Reddit hacked by BlackCat ransomware group
Reddit has revealed that it was attacked in February 2023 by the BlackCat ransomware organization. According to the gang, they grabbed 80GB of material from Reddit, including internal papers, source code files, employee details, and restricted advertisement data.
BlackCat is said to have obtained access to Reddit’s networks via a phishing attempt. They were able to steal a substantial amount of data after they gained access. The organization then sought a $4.5 million ransom in exchange for not revealing the information.
So far, Reddit has declined to pay the ransom, and BlackCat has threatened to leak the data until their demands are satisfied. The organization also claims to have alerted Reddit of the breach on two different occasions, but is yet to get a reply.

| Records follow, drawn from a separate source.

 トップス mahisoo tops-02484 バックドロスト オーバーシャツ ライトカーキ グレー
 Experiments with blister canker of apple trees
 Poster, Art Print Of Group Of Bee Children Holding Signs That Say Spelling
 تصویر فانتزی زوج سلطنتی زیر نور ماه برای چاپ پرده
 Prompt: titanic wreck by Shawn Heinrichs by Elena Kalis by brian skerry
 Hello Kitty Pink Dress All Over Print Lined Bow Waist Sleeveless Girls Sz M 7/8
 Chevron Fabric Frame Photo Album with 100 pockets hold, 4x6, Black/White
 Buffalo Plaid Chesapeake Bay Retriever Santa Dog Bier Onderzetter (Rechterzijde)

“I told them in my first email that I would wait for their IPO to come along,” the Reddit hack perpetrators said. “But this seems like the perfect opportunity! We are very confident that Reddit will not pay any money for their data. We expect to leak the data.”
“But I am very happy to know that the public will be able to read about all the statistics they track about their users and all the interesting confidential data we took,” the ransomware group warned. “Did you know they also silently censor users? Along with artifacts from their GitHub!”

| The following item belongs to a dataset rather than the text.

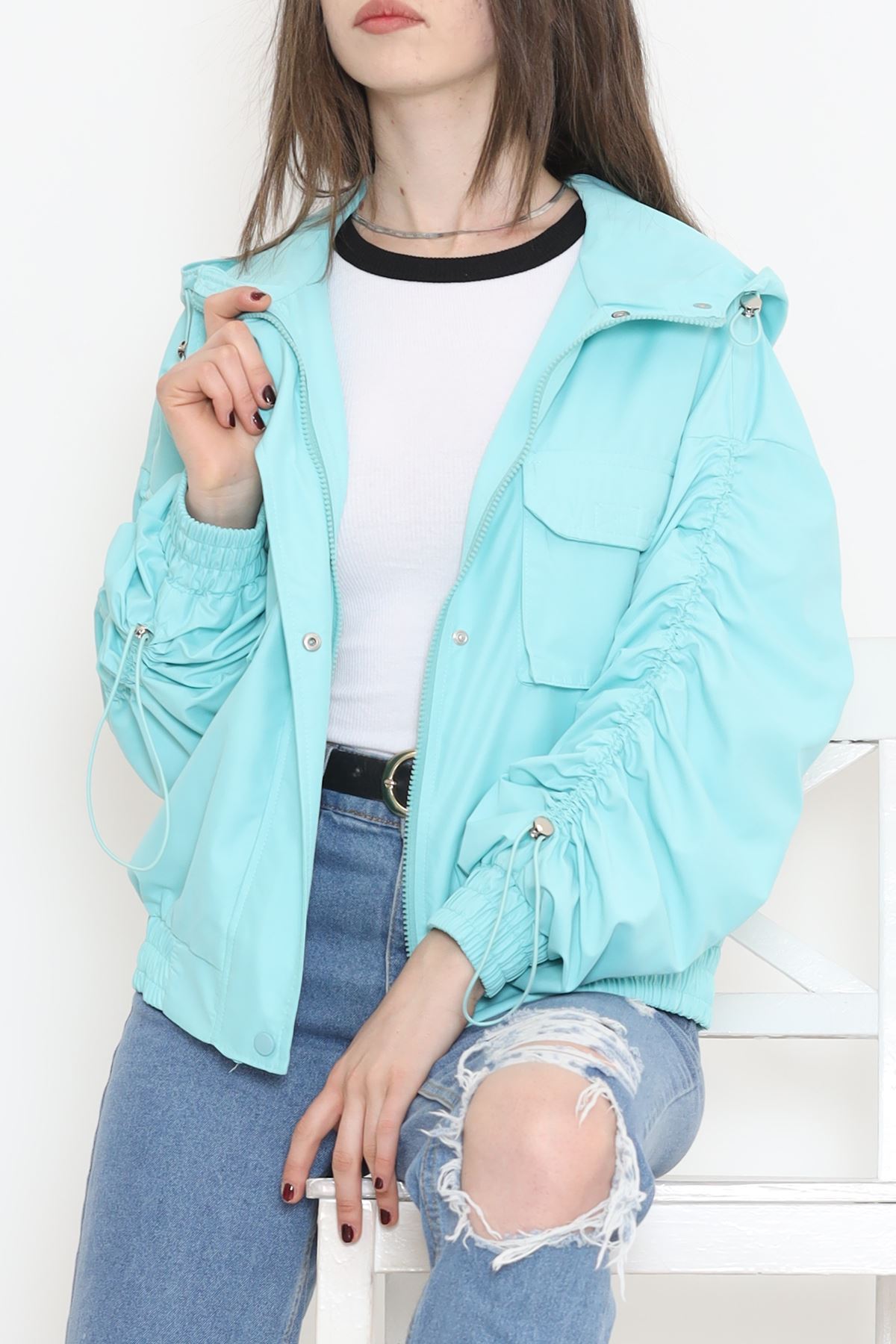 Büzgülü Yağmurluk Mint - 1428.1367.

Gina Antonini, a Reddit representative, verified that the ransom demand is related to a data breach that occurred on February 9, 2023, and that Reddit is strengthening its security and working with law authorities to investigate the incident.
Reddit adds that there is no evidence that user information, such as passwords and account information, was hacked. But internal papers, source code files, employee information, and advertiser data are likely to be in custody of the ransomware group.
The sources for this piece include an article in TheRegister.